Les grands types de krigeage¶
Il existe de nombreuses variantes du krigeage, adaptées à différents contextes et types de données. On distingue principalement deux grandes familles :
Krigeage stationnaire¶
Basé sur l’hypothèse de stationnarité d’ordre 2 (moyenne constante, covariance dépendant uniquement de la distance), cette famille inclut :
- Krigeage simple : la moyenne est connue et constante.
- Krigeage ordinaire : la moyenne est inconnue mais supposée constante localement.
- Krigeage universel (ou avec dérive) : la moyenne varie dans l’espace selon une tendance modélisée (ex. polynôme) nommée dérive. La dérive est déterministe.
Krigeage non stationnaire ou avancé¶
Lorsque l’hypothèse de stationnarité n’est plus valable, ou que les besoins analytiques sont plus complexes, on fait appel à des formes de krigeage dites non stationnaires ou avancées. Ces méthodes permettent d’introduire des variables explicatives, de modéliser des tendances, ou encore de traiter des données non continues.
- Krigeage avec dérive externe (KED) : la moyenne est modélisée à partir d’une ou plusieurs variables auxiliaires spatialement corrélées (par exemple, l’altitude ou la géologie).
- Co-krigeage : exploite simultanément plusieurs variables corrélées pour améliorer l’estimation de la variable cible.
- Krigeage bayésien : introduit une incertitude sur les paramètres du modèle (variogramme, moyenne), modélisée via des distributions a priori.
- Krigeage disjonctif et krigeage d’indicatrices : adaptés aux données discrètes ou catégorielles, ils permettent d’estimer des probabilités d’appartenance à une classe ou de dépassement de seuil.
- **Krigeage d’inégalités ou avec présence de bruit : permet d’imposer des conditions sur les résultats (non-négativité, bornes physiques), ou de tenir compte du bruit sur les données dans le modèle.
- Krigeage avec contraintes (constrained kriging) : permet d’éviter l’effet de lissage classique du krigeage en imposant une variance cible à la variable interpolée.
- Krigeage compositionnel : utilisé pour les données compositionnelles, c’est-à-dire des vecteurs dont les composantes sont non négatives et soumises à une contrainte de somme constante (généralement 1 ou 100 %) comme les proportions minéralogiques, les analyses chimiques ou les concentrations exprimées en pourcentage.
Chacune de ces approches repose sur des hypothèses spécifiques, qui doivent être soigneusement vérifiées en fonction du contexte d’application.
Le cadre de ce cours¶
Dans ce cours, nous travaillerons sous l’hypothèse de stationnarité d’ordre 2 : la moyenne est supposée constante sur l’ensemble du domaine, et la covariance dépend uniquement de la distance. Nous concentrerons donc notre attention sur deux variantes stationnaires classiques :
- Le krigeage simple (moyenne connue)
- Le krigeage ordinaire (moyenne inconnue)
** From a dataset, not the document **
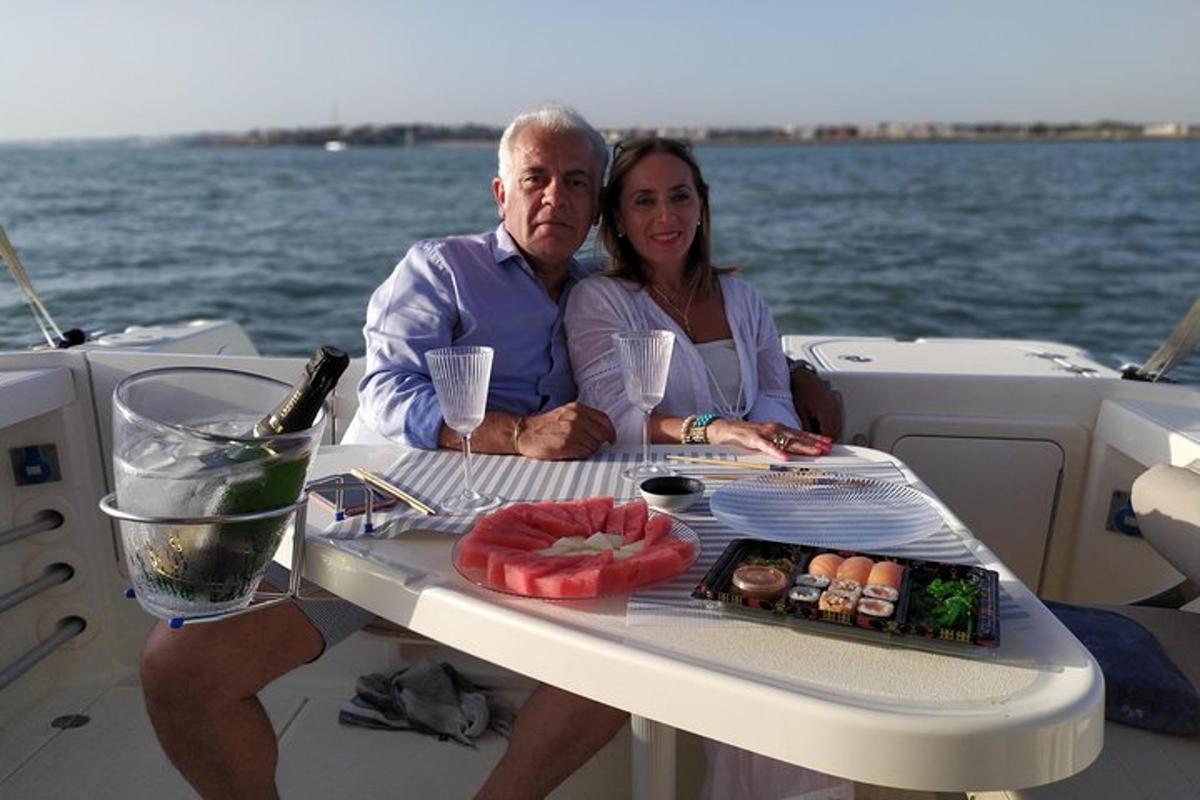 a man and woman sitting at a table on a boat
Le krigeage ordinaire est de loin le plus utilisé dans la pratique. Il offre un bon compromis entre simplicité et robustesse, sans exiger de connaissance préalable de la moyenne régionale.
Les étudiants en génie géologique seront également exposés, dans des lectures ultérieures, au krigeage d’indicatrices, une méthode particulièrement adaptée aux problématiques de classification géologique ou d’estimation de probabilités d’excéder un seuil, comme c’est souvent le cas en environnement.
Étapes du krigeage¶
Le processus de krigeage se déroule en plusieurs étapes successives :
- Calcul du variogramme expérimental à partir des données mesurées.
- Ajustement d’un modèle théorique (ex. sphérique, exponentiel, gaussien, avec ou sans effet de pépite).
- Résolution du système de krigeage* afin de déterminer les poids d’interpolation associés à chaque donnée.
- Estimation des valeurs inconnues aux emplacements ciblés, ainsi que de leur variance d’estimation, qui mesure l’incertitude associée.
Nous sommes déjà en mesure de réaliser les étapes 1 et 2, à la suite de nos lectures précédentes. Nous nous concentrerons donc ici sur les étapes 3 et 4, qui seront développées en détail dans les prochaines lectures.